Some allies, such as the Dutch, have begun to rethink planned defence cuts, especially in light of last week’s military action by Russian troops in eastern Ukraine, which Foreign Affairs Minister John Baird described as an “invasion.”
Harper himself has left little doubt on where he believes events of the last eight months in eastern Europe belong in the grand sweep of history.
“When a major power acts in a way that is so clearly aggressive, militaristic and imperialistic, this represents a significant threat to the peace and stability of the world and it’s time we all recognized the depth and the seriousness of that threat,” the prime minister said at a hastily arranged photo-op with the ambassadors of Ukraine, Estonia, Poland and Latvia on April 14.
“But as I say, the most important thing we need to do is to rally all of our allies throughout the western world and throughout the greater global community to understand that peace and stability is being threatened here in a way that has not been threatened since the end of the Cold War.”
Canada’s response, thus far, has been to commit CF-18s to patrolling the skies over the Baltic states; a frigate to sail with NATO’s standing task force; a boost in NATO headquarters staff; and ground troops to train alongside allies. It has also sent non-lethal military equipment and aid to Ukraine.

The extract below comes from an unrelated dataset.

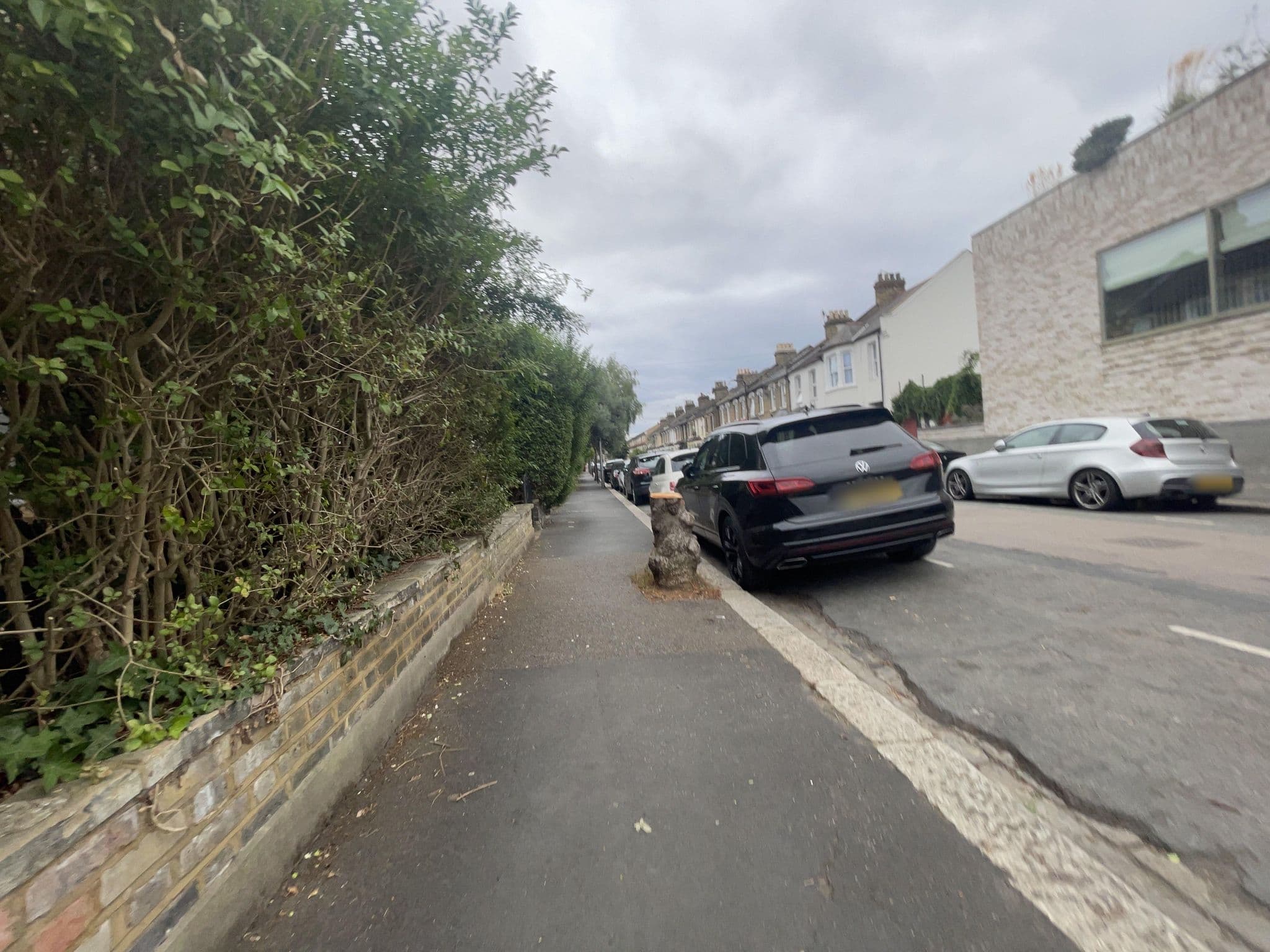 Street view near Leyton Lodge Studios, Leytonstone — © gness (CC BY-SA · Mapillary)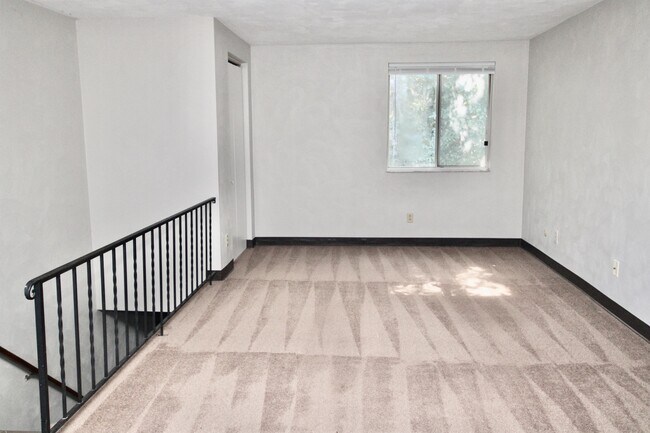 Foto del edificio - 185 Oak Manor Pl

A senior government official, speaking on background, said Canada is prepared to increase the defence budget, but described the NATO benchmark as an abstract figure and expressed concern about committing billions of extra dollars per year without a clear plan by the alliance on how it will deal with the long-term.
Dave Perry, an analyst with the Conference of Defence Associations, said, in order to meet the NATO goal, Ottawa would have to double the military’s budget to about $38-billion per year.
Spending more doesn’t necessarily mean a more effective military and Canada has demonstrated it gets a lot of efficiency out of the dollars it does commit, he said.
Financial estimates, that were part of the briefing package given to Rob Nicholson when he was sworn-in as defence minister in July 2013, show the Conservatives, despite past promises and rhetoric, weren’t planning to spend much more than the roughly $18.9-billion already set aside.
In a rare display of conflicting messages, Nicholson’s parliamentary secretary, James Bezan, publicly suggested last spring that the country should be spending 1.7 per cent of GDP on its military.
When the Conservatives introduced their defence strategy in 2008, they underlined how the 20-year plan would provide “stable and predictable” funding to the military by delivering a guaranteed two per cent annual increase.
But Perry said it hasn’t worked out that way and, while the escalator is still there, it’s been more than offset by cuts elsewhere.
“It’s a bizarre situation where you’ve got $2.7 billion in cuts, taking away with the left hand; but with right hand your getting this escalation amount,” Perry said.
The Canada First Defence Strategy also promised that overseas missions would be paid for — as other nations do — through a special budgetary appropriation and not taken out of the departmental budget.
The war in Afghanistan was largely funded that way, but Nicholson’s briefing papers show other deployments, notably the 2011 bombing campaign in Libya and the Afghan training mission, were not.